» **Exercise details**: The entries that follow must be written out exactly, without any of the pictures they contain.

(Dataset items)
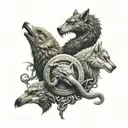 snake on top bird and viking in middle and wolf in the bottom  tattoo design idea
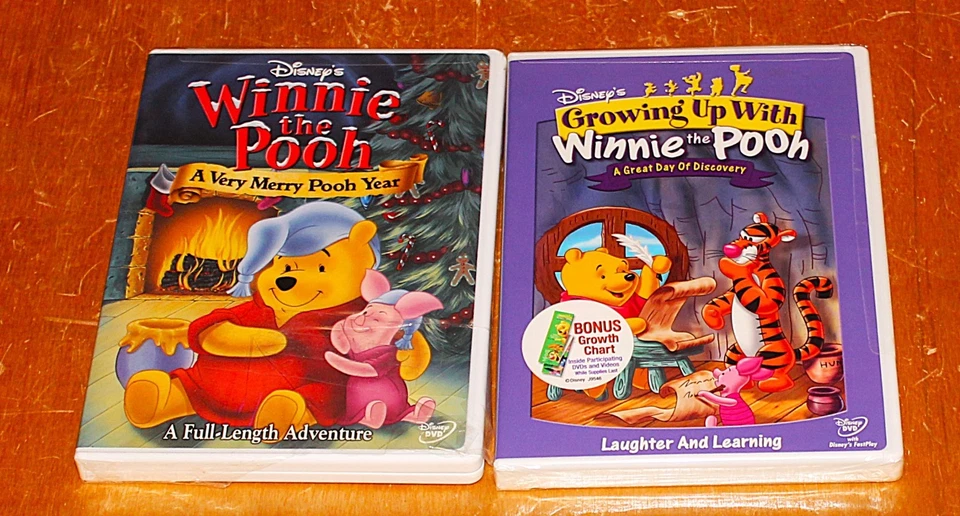 DISNEY WINNIE POOH DVD: GROWING UP WITH WINNIE POOH & A VERY MERRY POOH YEAR NEW - Image 1 of 1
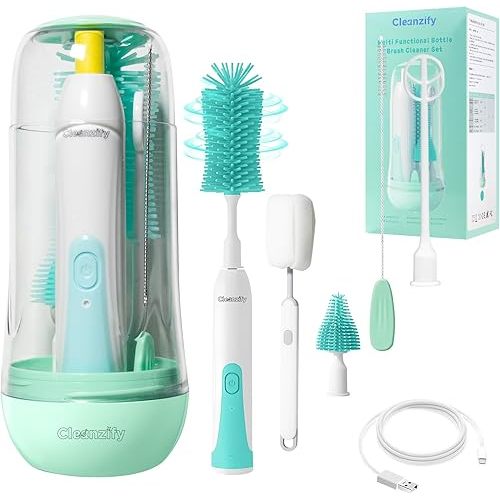 Electric Bottle Cleaner, Rechargeable Baby Bottle Cleaner Set for Travel, Waterproof with 2 Brush Heads, Straw Brush, Mixing Head, Storage Box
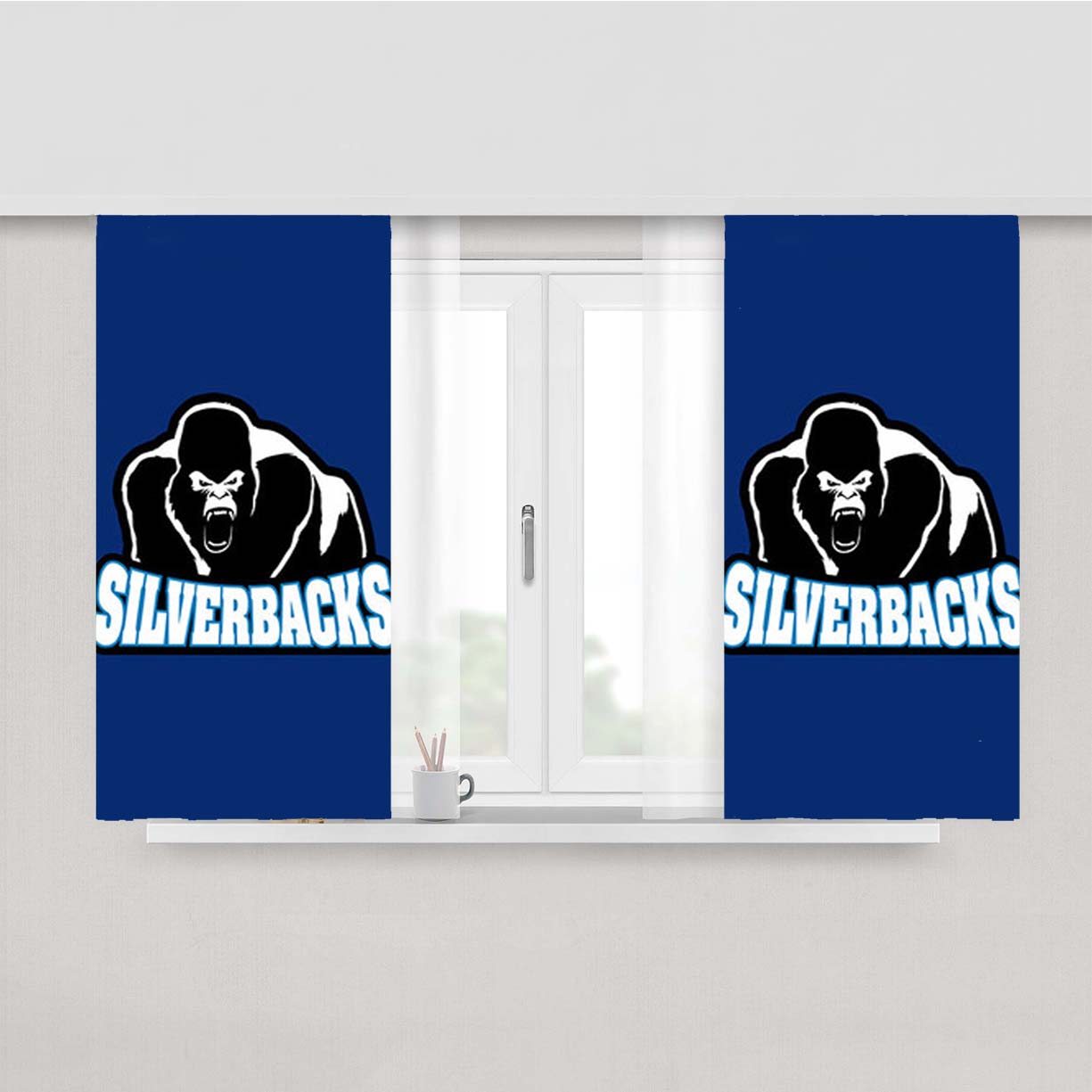Silverback Baseball Logo Blue Peach Skin Window Curtains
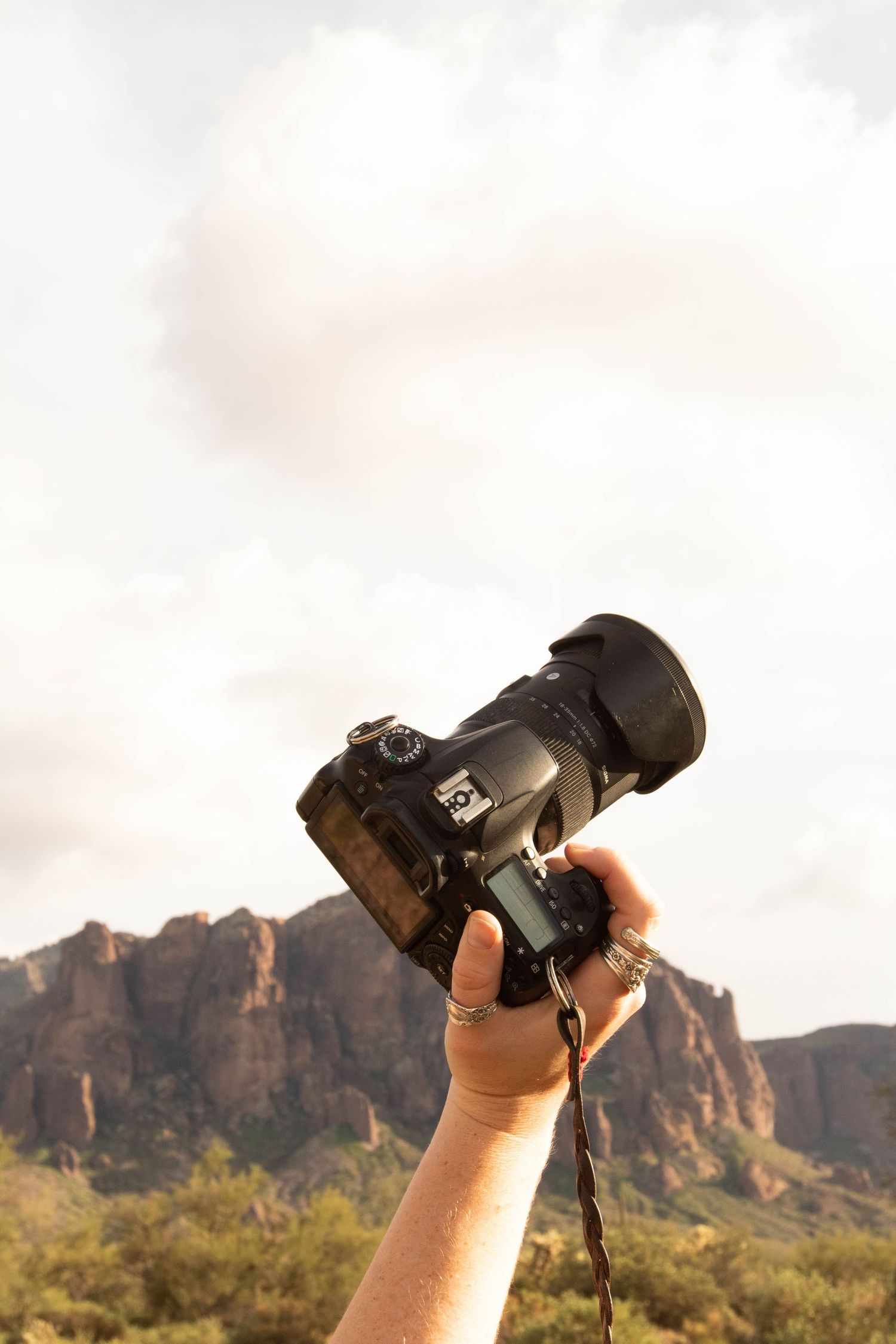 camera held by a woman's hand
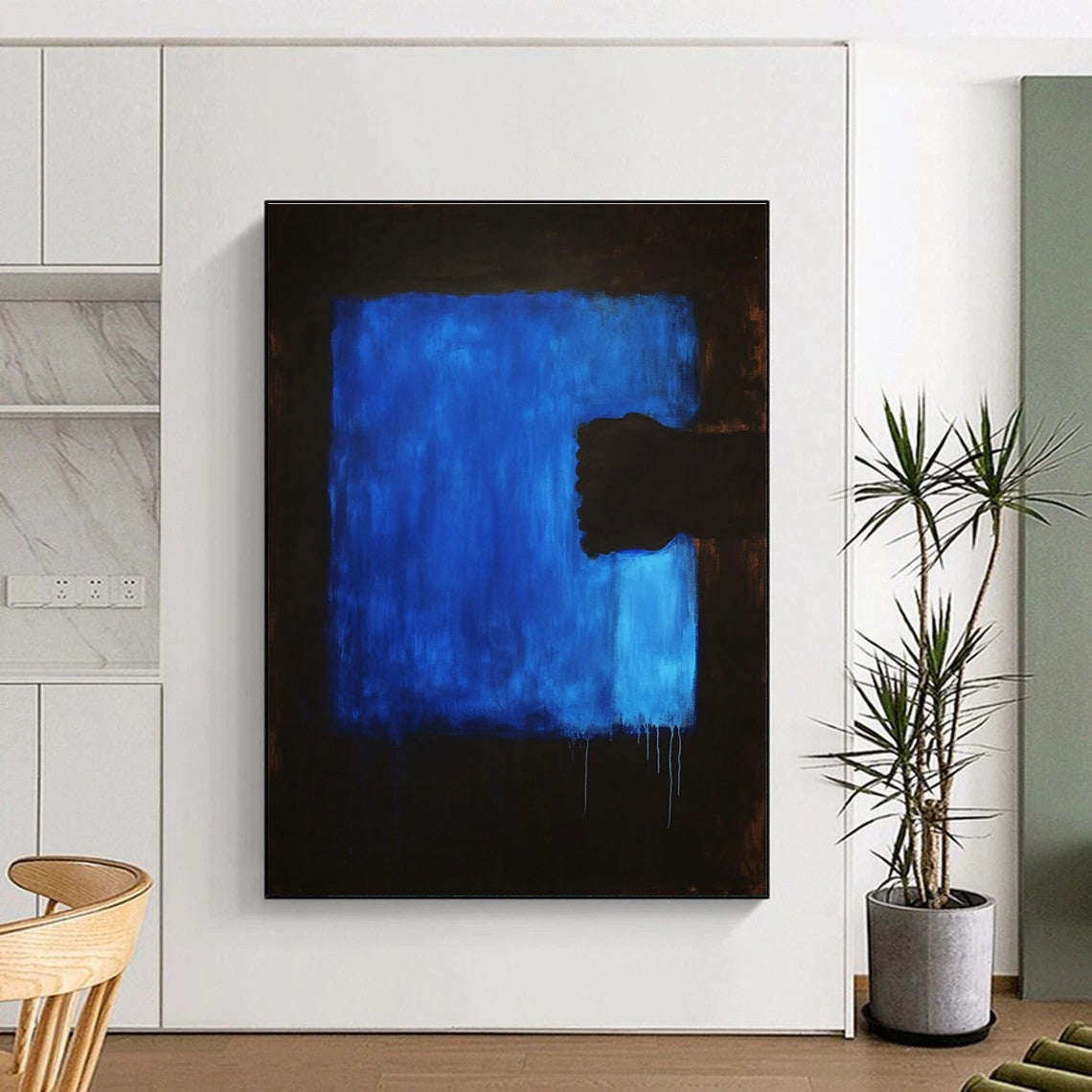 Blue and Black Abstract Form Art for Modern Art Gallery & Industrial - Style Lounge STSC1313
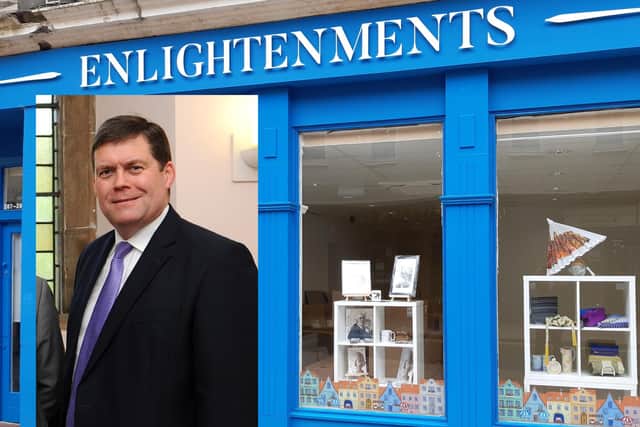 The Enlighments hub is re-opening in Kirkcaldy. Inset: Michael Levack.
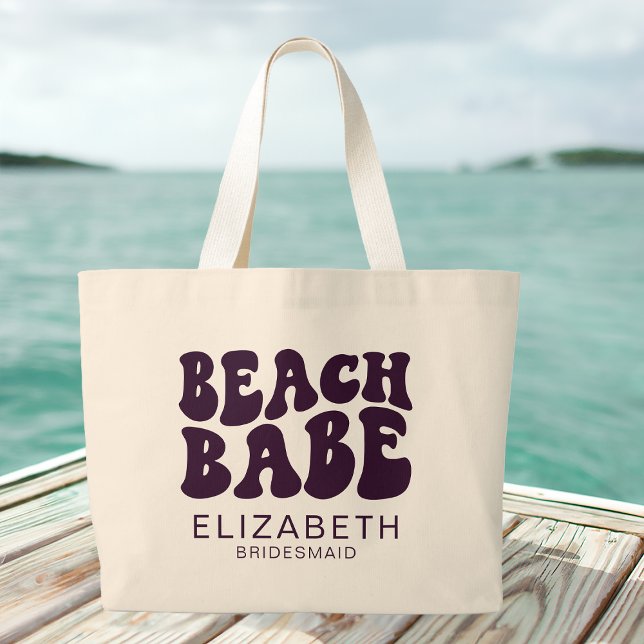 Bolso De Tela Gigante Beach Babe Fiesta de Bachelorette Morada (Subido por el creador)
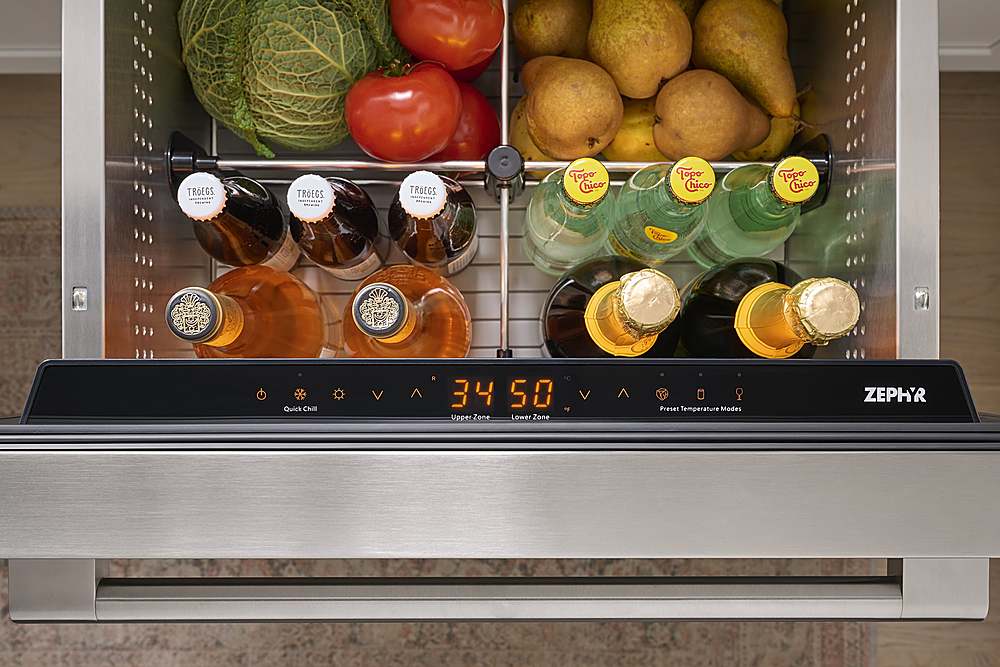 Alt View 31. Zephyr - Presrv 5.1 Cu. Ft. Built-In Dual Zone Refrigerator Drawers - Stainless Steel.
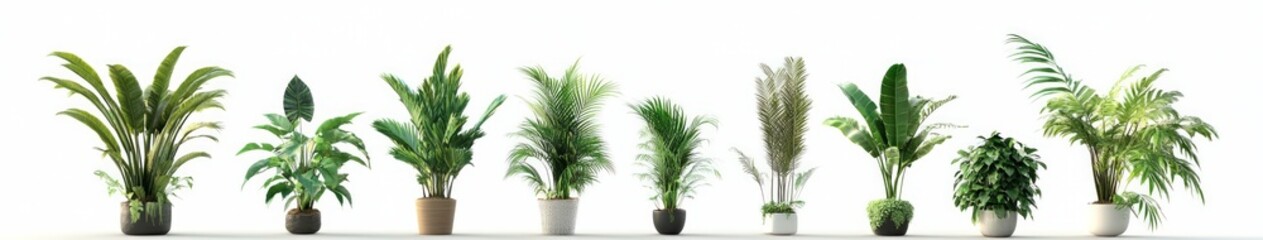 Obraz premium Collection of Potted Tropical Plants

» **Output of the task**:
 snake on top bird and viking in middle and wolf in the bottom  tattoo design idea
 DISNEY WINNIE POOH DVD: GROWING UP WITH WINNIE POOH & A VERY MERRY POOH YEAR NEW - Image 1 of 1
 Electric Bottle Cleaner, Rechargeable Baby Bottle Cleaner Set for Travel, Waterproof with 2 Brush Heads, Straw Brush, Mixing Head, Storage Box
Silverback Baseball Logo Blue Peach Skin Window Curtains
 camera held by a woman's hand
 Blue and Black Abstract Form Art for Modern Art Gallery & Industrial - Style Lounge STSC1313
 The Enlighments hub is re-opening in Kirkcaldy. Inset: Michael Levack.
 Bolso De Tela Gigante Beach Babe Fiesta de Bachelorette Morada (Subido por el creador)
 Alt View 31. Zephyr - Presrv 5.1 Cu. Ft. Built-In Dual Zone Refrigerator Drawers - Stainless Steel.
 Obraz premium Collection of Potted Tropical Plants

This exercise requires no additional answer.